Re: Add missing error codes to PANIC/FATAL error reports in xlogrecovery

Krishnakumar R Mon, 04 Dec 2023 01:07:56 -0800

Hi,

Updated the patch with ERRCODE_CLUSTER_CORRUPTED & kept
ERRCODE_DATA_CORRUPTED when recovery is not consistent.


> > > Hm, this one arguably is not corruption, but we still cannot
> > > continue. ERRCODE_OBJECT_NOT_IN_PREREQUISITE_STATE or maybe a new error 
> > > code?

Added a ERRCODE_TIMELINE_INCONSISTENT to be specific about the
scenarios with timeline mismatches. Thoughts ?

>> Another aside: Isn't the hint here obsolete since we've removed exclusive
backups?
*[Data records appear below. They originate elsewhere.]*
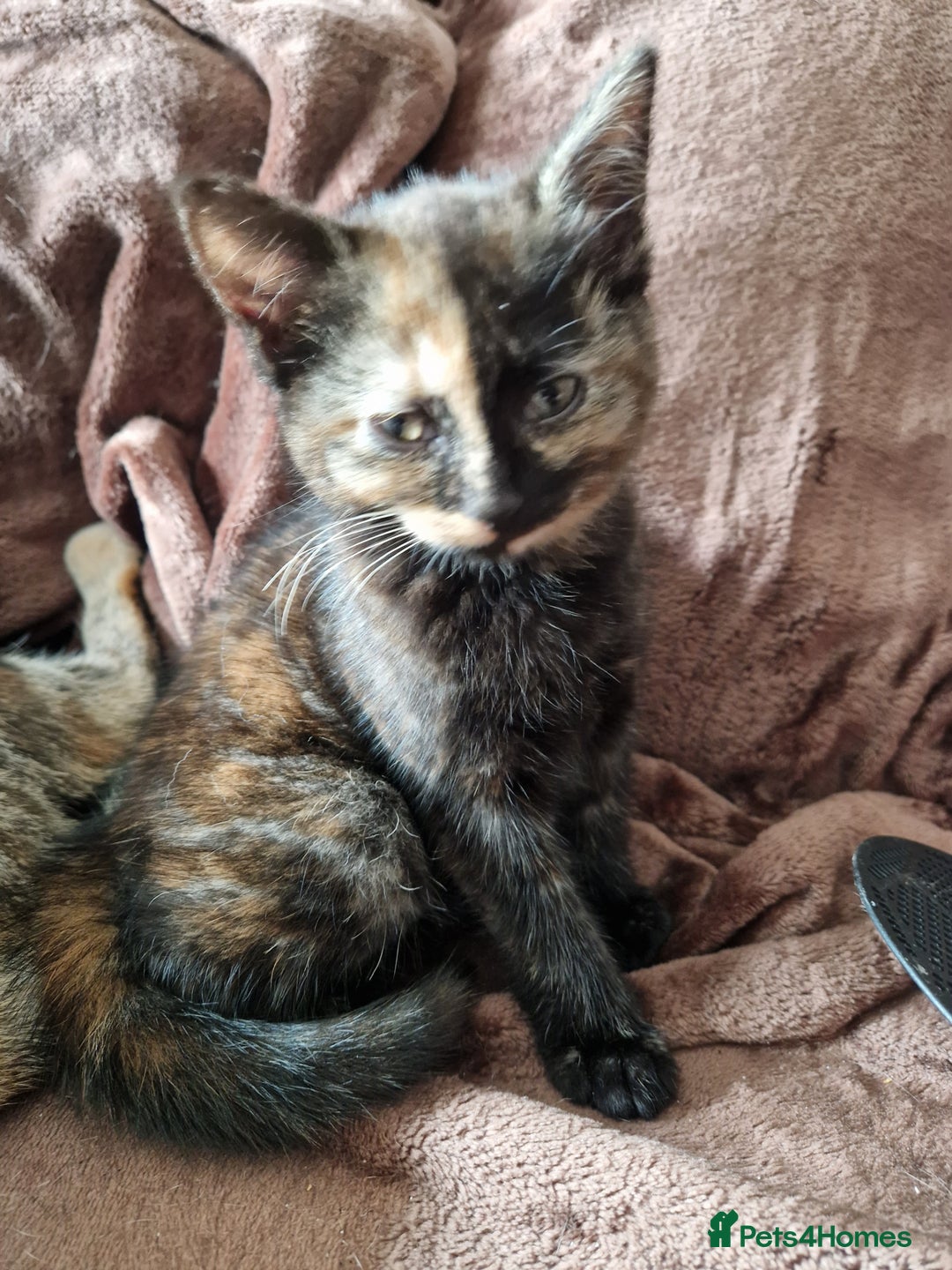 Mixed Breed cats for sale: 4 Beautiful kittens ready for loving home  ♥️ - Image 8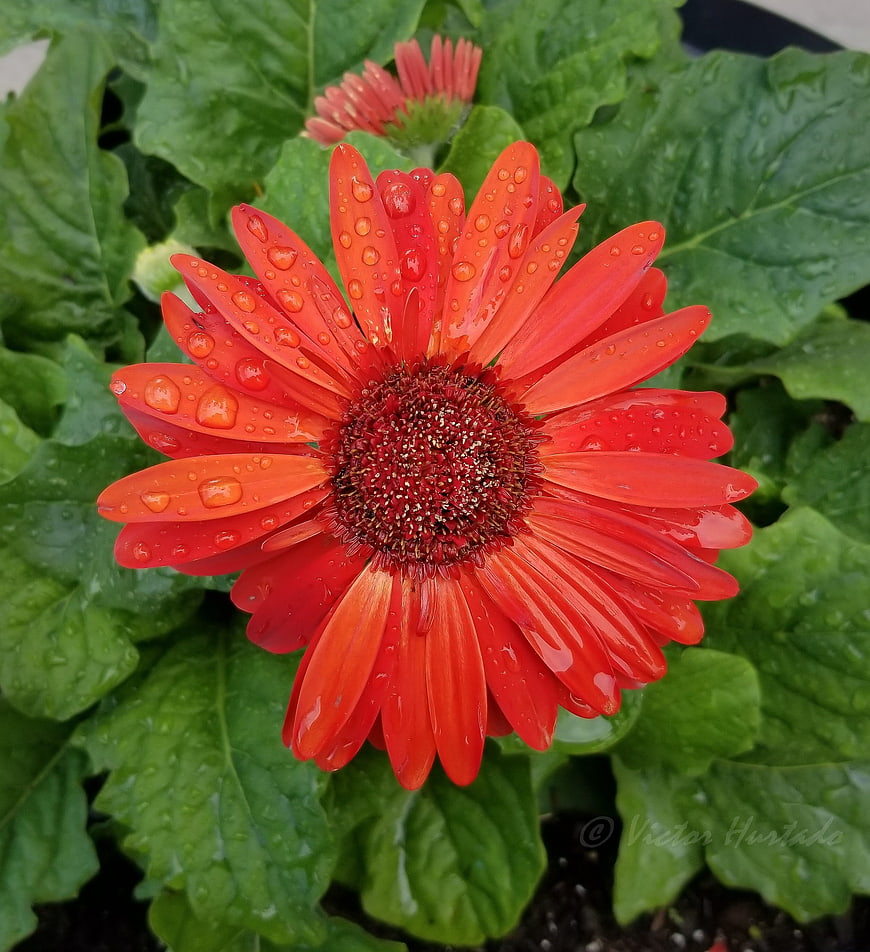 Vibrant Red Gerbera Daisy with Raindrops on Green Leaves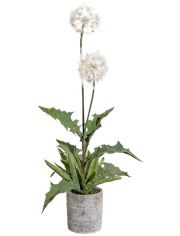 Kunstpflanze Pusteblumenbusch, im Zementtopf mit Moos, Hhe 70 cm, wei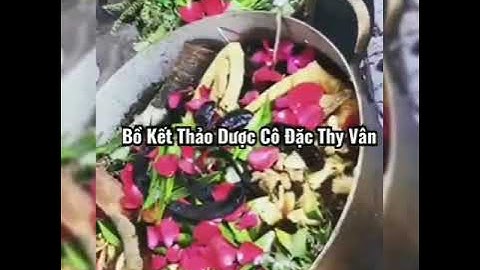 Những lợi ích của nước gội bồ kết thảo dược cô đặc Thy Vân trị rụng tóc, trị gàu và nấm ngứa hiệu qu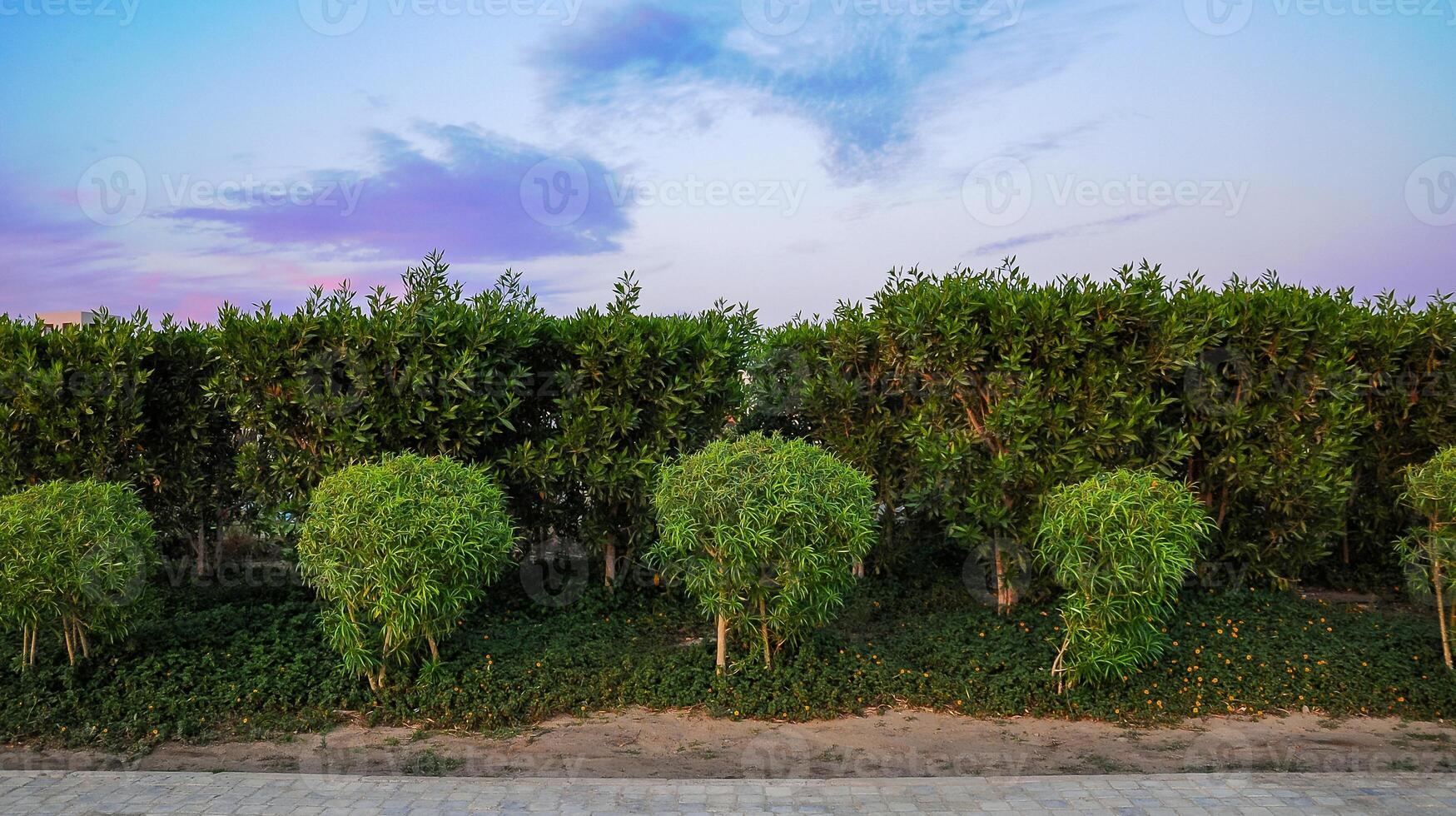 Landscape design, round evergreen bushes along the road on the territory of the hotel photo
I can't think of any scenario now where removing backup_label would
be correct in a non-exclusive backup.

Attached another patch which applies on top of the first patch to
remove the obsolete hint.

- KK

From b779b53ee0cde0ab239c44f5c6c83ec530c194ab Mon Sep 17 00:00:00 2001
From: "Krishnakumar R (KK)" <kksrcv...@gmail.com>
Date: Thu, 30 Nov 2023 00:56:40 -0800
Subject: [PATCH v2 1/2] Add missing error codes to PANIC/FATAL error reports.

---
 src/backend/access/transam/xlogrecovery.c | 45 +++++++++++++++--------
 src/backend/utils/errcodes.txt            |  2 +
 2 files changed, 32 insertions(+), 15 deletions(-)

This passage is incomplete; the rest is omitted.